═════ The records

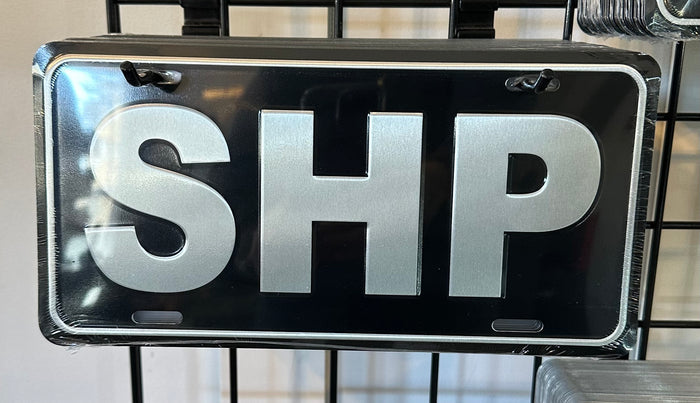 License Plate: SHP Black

══════════
═════ The records

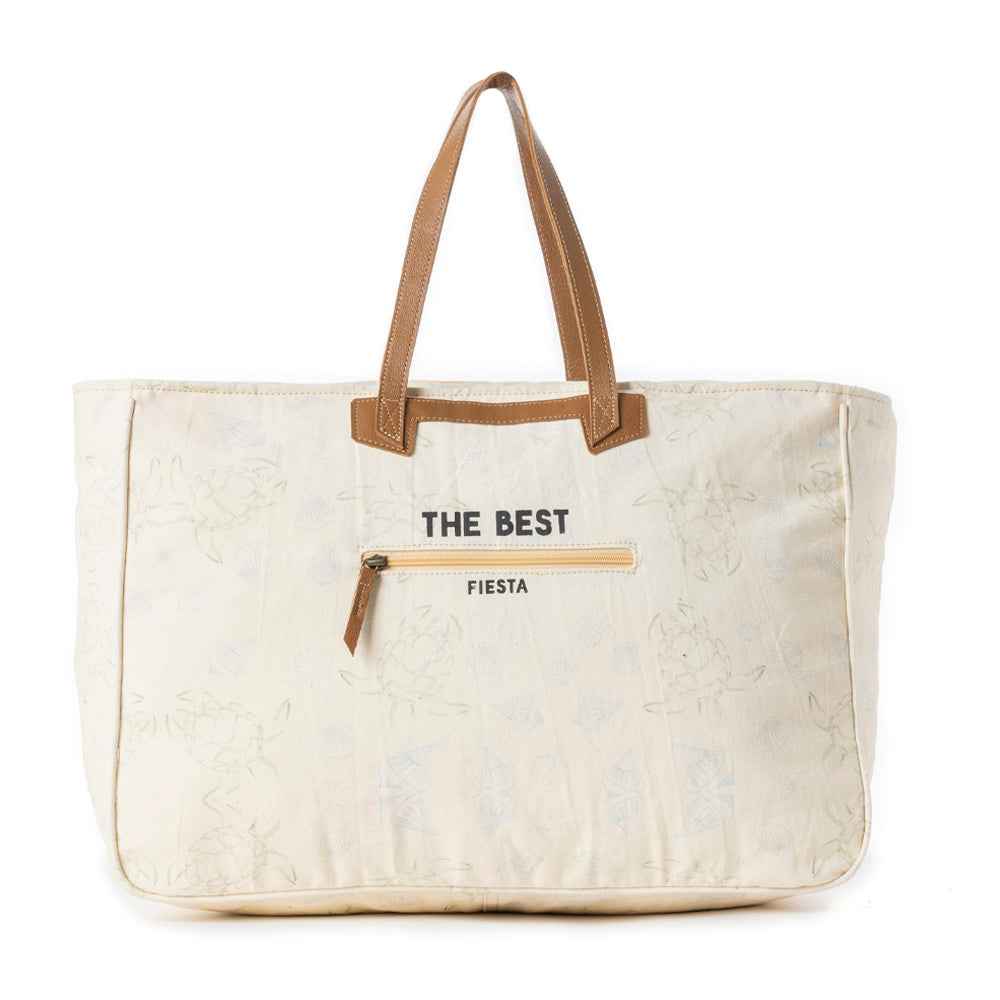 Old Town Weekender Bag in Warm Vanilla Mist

══════════
═════ The records

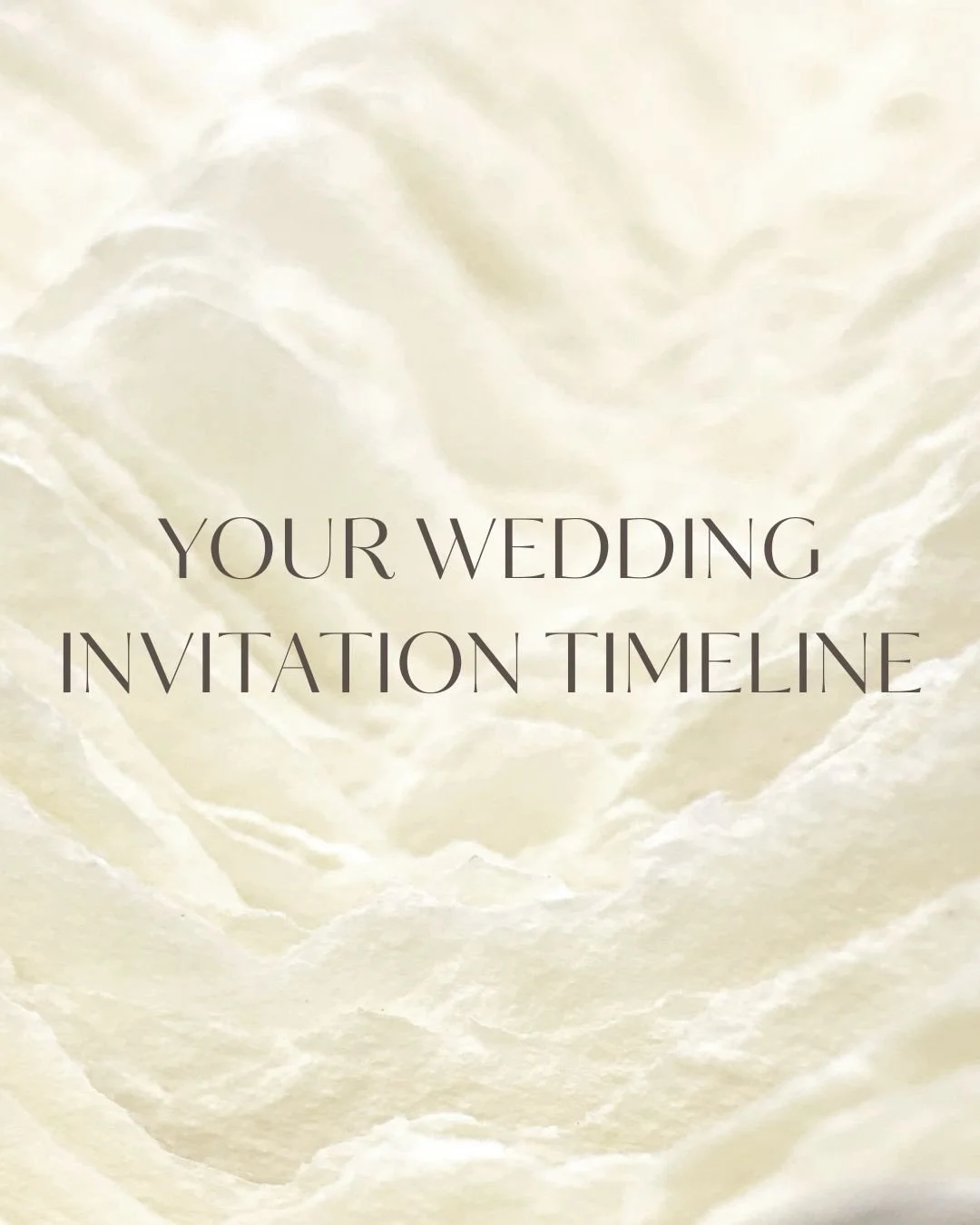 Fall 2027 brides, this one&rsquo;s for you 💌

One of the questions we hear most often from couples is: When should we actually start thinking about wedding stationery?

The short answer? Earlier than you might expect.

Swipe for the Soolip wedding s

══════════

> What to work on:
Using the listing, say how many lines include the word "wedding", and add nothing else.

> Exercise response:
2